Clamoring to Thwart "Terrorist Plots"
U.S. Attorney Dettelbach called this a violent terrorist plot, and said: "The defendants stand charged based not upon any words or beliefs they might espouse, but based upon their own plans and actions."
What's troubling is that the government has had a heavy hand in creating the very plot it thwarted.
And on top of that, the defendants, by the admission of the FBI, said repeatedly that they had no intention of harming anyone. At one point Baxter and Wright "stated they don't want people to think they are terrorists."
This isn't an isolated instance.
The criminal complaint reads like the spitting image of the case of Eric McDavid, who was coaxed by an undercover FBI operative named "Anna." In that case, like this one, the FBI supplied bomb making recipes, bomb making materials, and attempts to distill activist boasting and hyperbole into a coherent plan.

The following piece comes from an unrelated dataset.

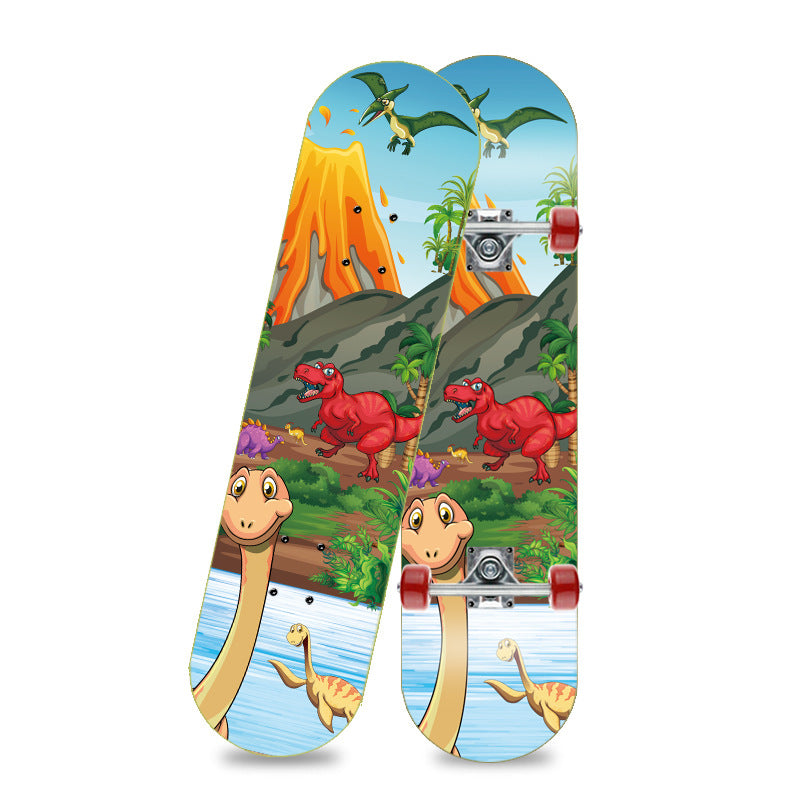 Unicorn Themed Skateboard Kalsten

McDavid did nothing, and was arrested on conspiracy charges, like these defendants have been. As readers of this site know, conspiracy charges are the fall-back for the government when there is not enough evidence to get anything else to "stick."
Demonization of Anarchism
In addition to a continuation of undercover informants and FBI-manufactured plots, this case also reflects on an-going focus on demonizing anarchists.
The government's press release proclaims that the defendants are "self-proclaimed anarchists." The affidavit notes that they attended anarchist protests and carried anarchist flags.
The affidavit also says that the defendants talked about anarchists "rioting and destroying each city" that holds May Day protests, and that it will be "off the hook."
Demonizing anarchists has gone one for over a century, of course, but in recent years the rhetoric has dovetailed with "War on Terrorism" hysteria.
For example, in Scott Demuth's case, the government argued that: "Defendant's writings, literature, and conduct suggest that he is an anarchist and associated with the ALF movement. Therefore, he is a domestic terrorist."
In another case, the government sought a high cash bond against environmentalist Hugh Farrell because "the defendant has been observed advocating literature and materials which advocate anarchy."